» Task item
Return all of the data exactly, with nothing left out but the pictures.

» Data section

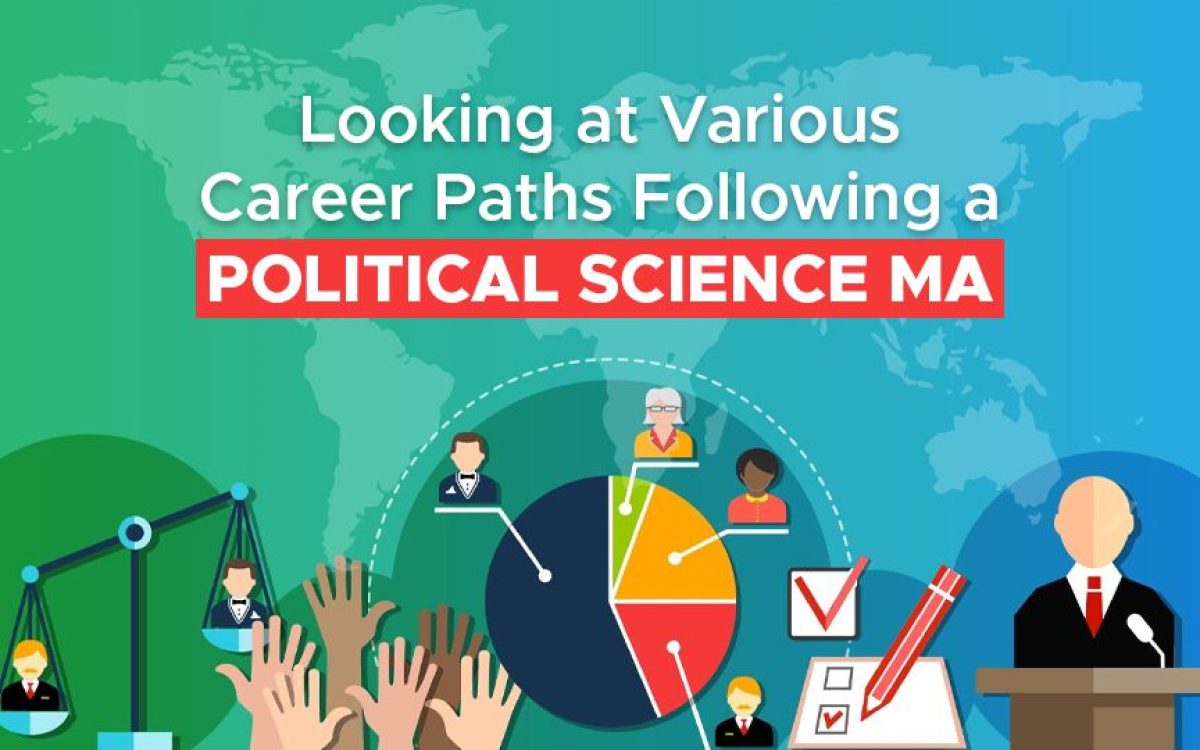 Career Scopes After Online MA in Political Science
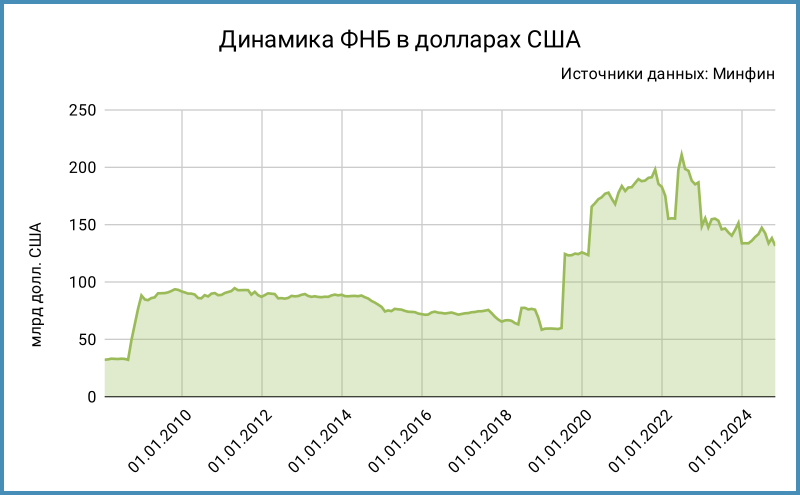 Динамика резервных фондов в долл. США.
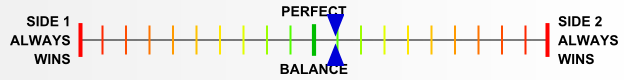 Overall balance chart for Cass026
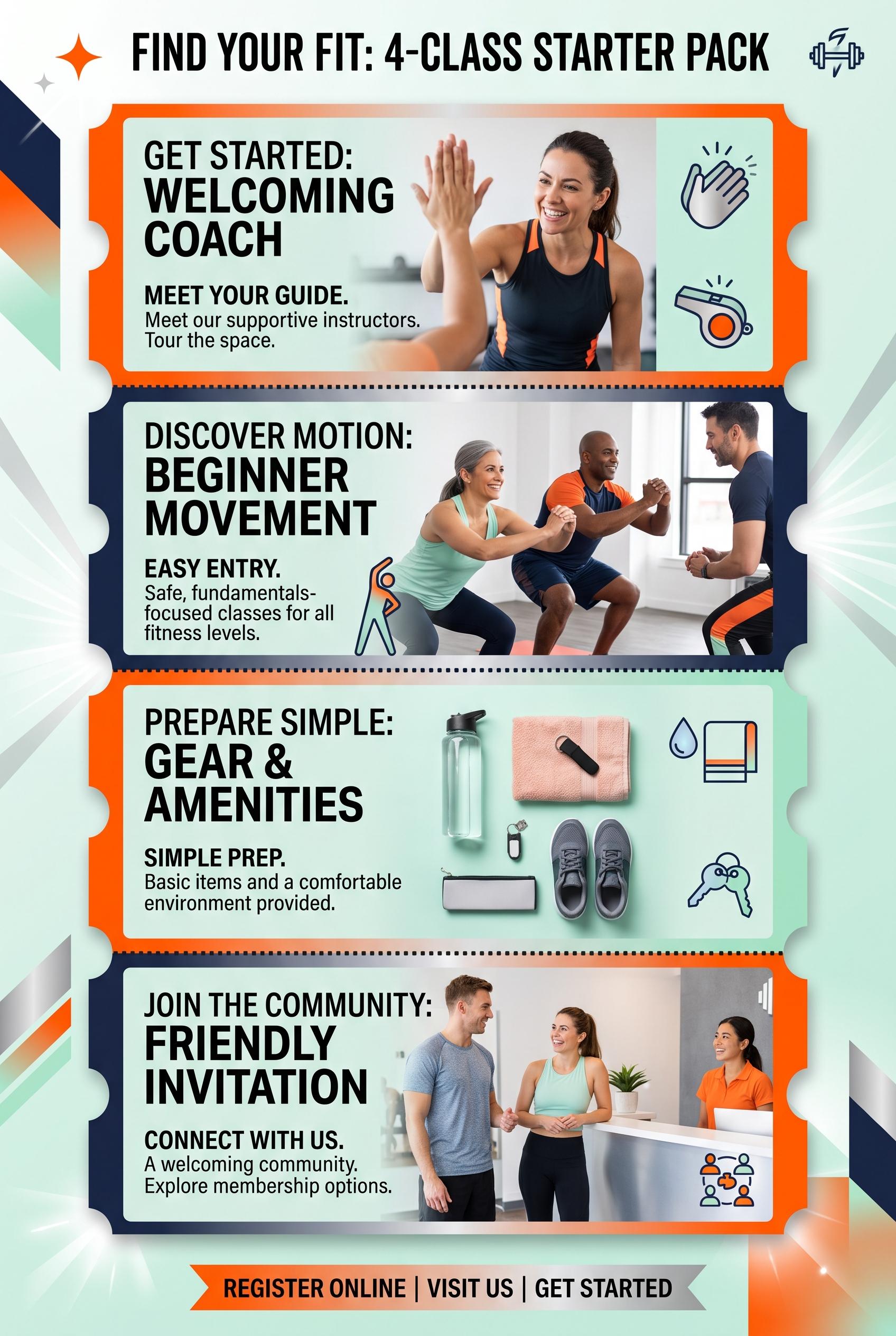 Create a commercial-quality vertical 2:3 Pinterest composition explaining a four-part trial class ca
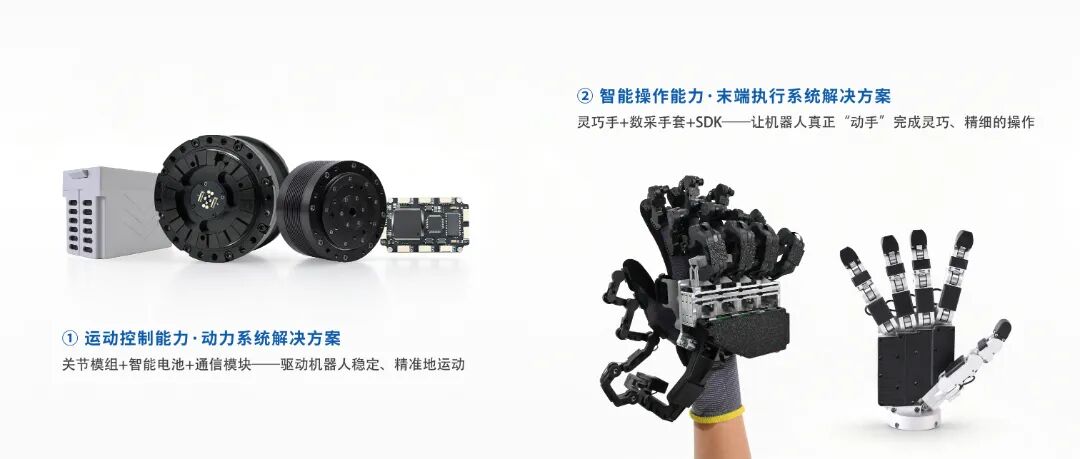 比亚迪、PI的机器人关节供应商，融了数亿元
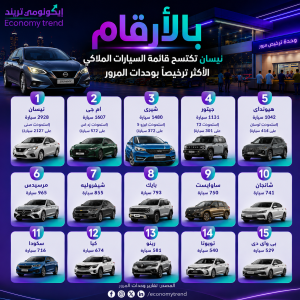 ChatGPT Image 7 مايو 2026، 09 34 58 م
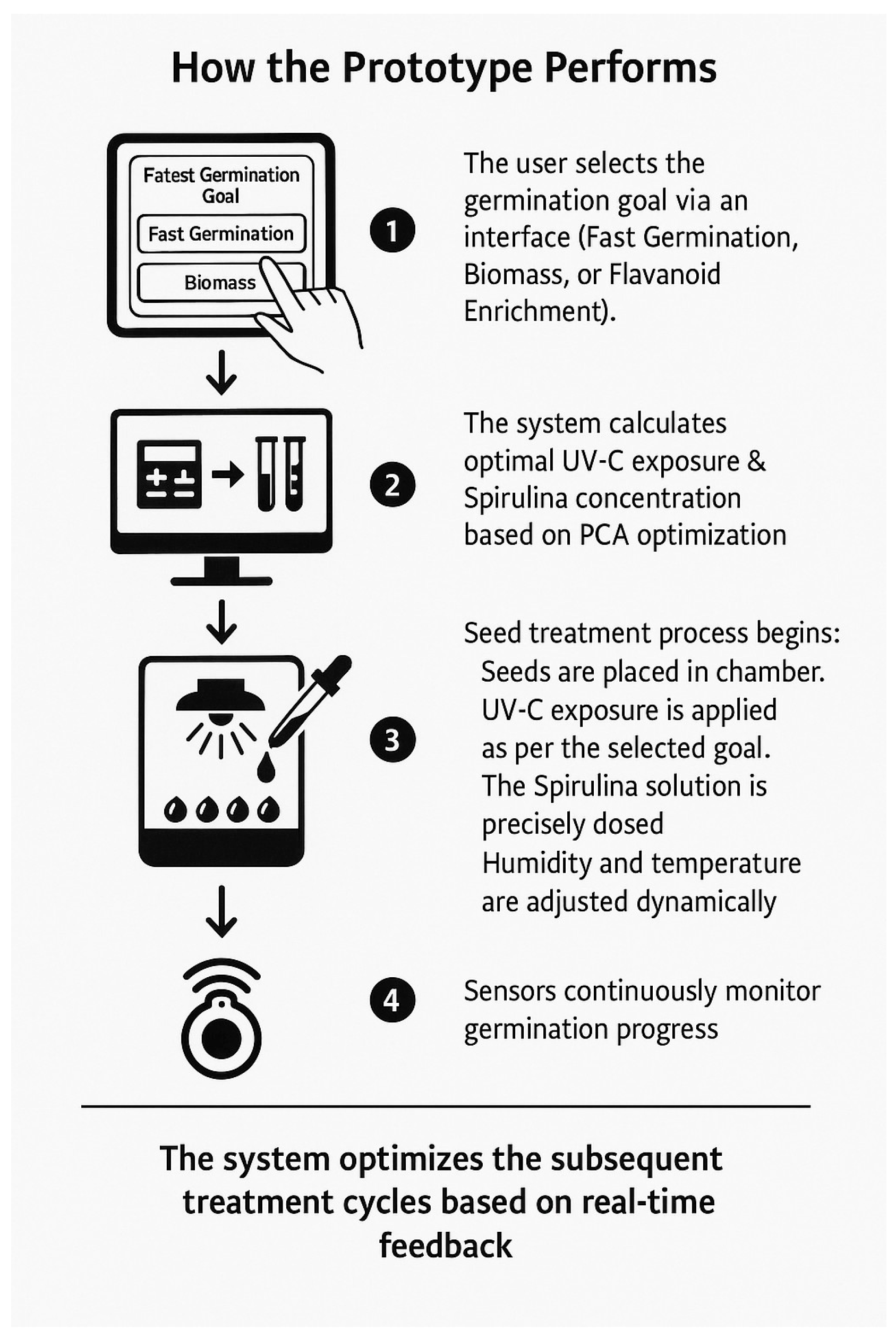 Processes 13 04030 g006 Processes 13 04030 g006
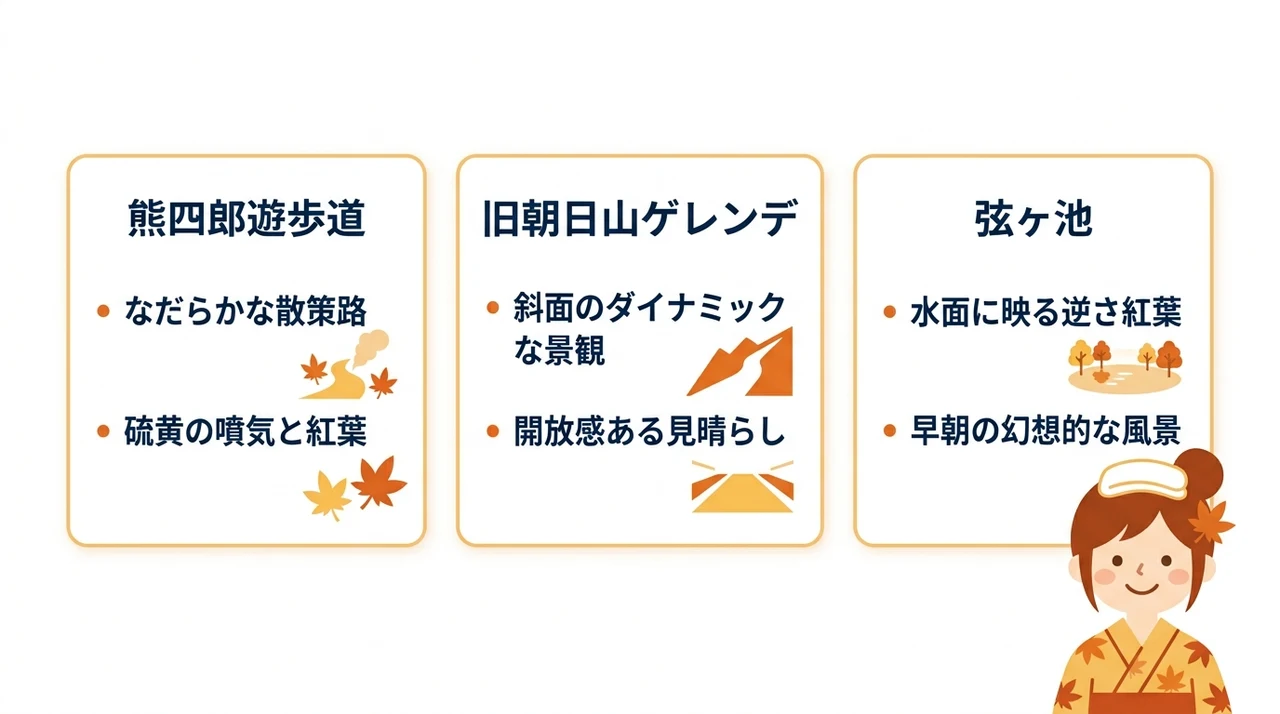 万座温泉周辺の紅葉散策スポット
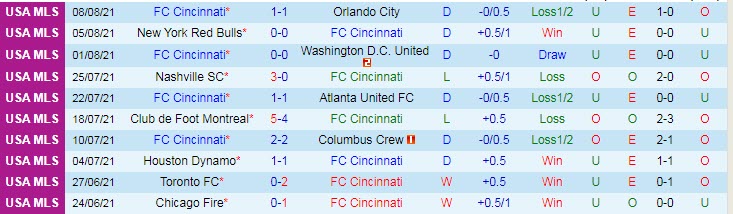 Nhận định, soi kèo Cincinnati vs Montreal, 6h37 ngày 19/8 - Ảnh 1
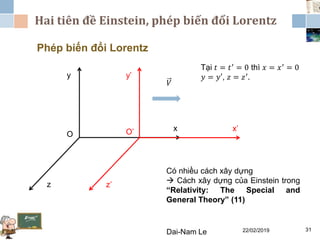 Hai tiên đề Einstein, phép biến đổi Lorentz
22/02/2019Dai-Nam Le 31
Phép biến đổi Lorentz
x
y
z
O
x’
y’
z’
O’
𝑉
Tại 𝑡 = 𝑡′
= 0 thì 𝑥 = 𝑥′
= 0
𝑦 = 𝑦′, 𝑧 = 𝑧′.
Có nhiều cách xây dựng
 Cách xây dựng của Einstein trong
“Relativity: The Special and
General Theory” (11)
 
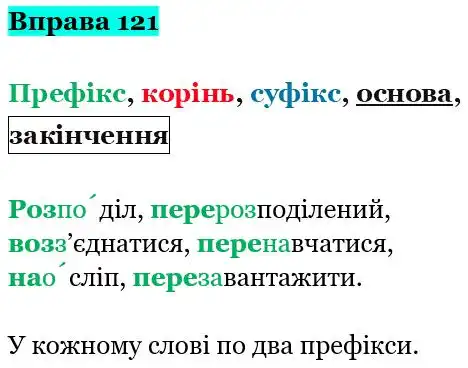 Зображення розв'язку вправи номер 121 з ГДЗ Українська Мова 5 клас Гапон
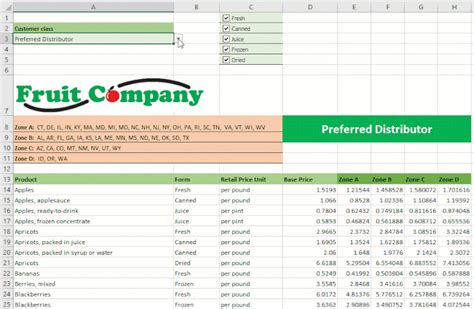 Image result for Excel Create PDFs From Multiple Ranges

» Solution to the exercise
 Career Scopes After Online MA in Political Science
 Динамика резервных фондов в долл. США.
 Overall balance chart for Cass026
 Create a commercial-quality vertical 2:3 Pinterest composition explaining a four-part trial class ca
 比亚迪、PI的机器人关节供应商，融了数亿元
 ChatGPT Image 7 مايو 2026، 09 34 58 م
 Processes 13 04030 g006 Processes 13 04030 g006
 万座温泉周辺の紅葉散策スポット
 Nhận định, soi kèo Cincinnati vs Montreal, 6h37 ngày 19/8 - Ảnh 1
 Hai tiên đề Einstein, phép biến đổi Lorentz
22/02/2019Dai-Nam Le 31
Phép biến đổi Lorentz
x
y
z
O
x’
y’
z’
O’
𝑉
Tại 𝑡 = 𝑡′
= 0 thì 𝑥 = 𝑥′
= 0
𝑦 = 𝑦′, 𝑧 = 𝑧′.
Có nhiều cách xây dựng
 Cách xây dựng của Einstein trong
“Relativity: The Special and
General Theory” (11)
 
 Зображення розв'язку вправи номер 121 з ГДЗ Українська Мова 5 клас Гапон
 Image result for Excel Create PDFs From Multiple Ranges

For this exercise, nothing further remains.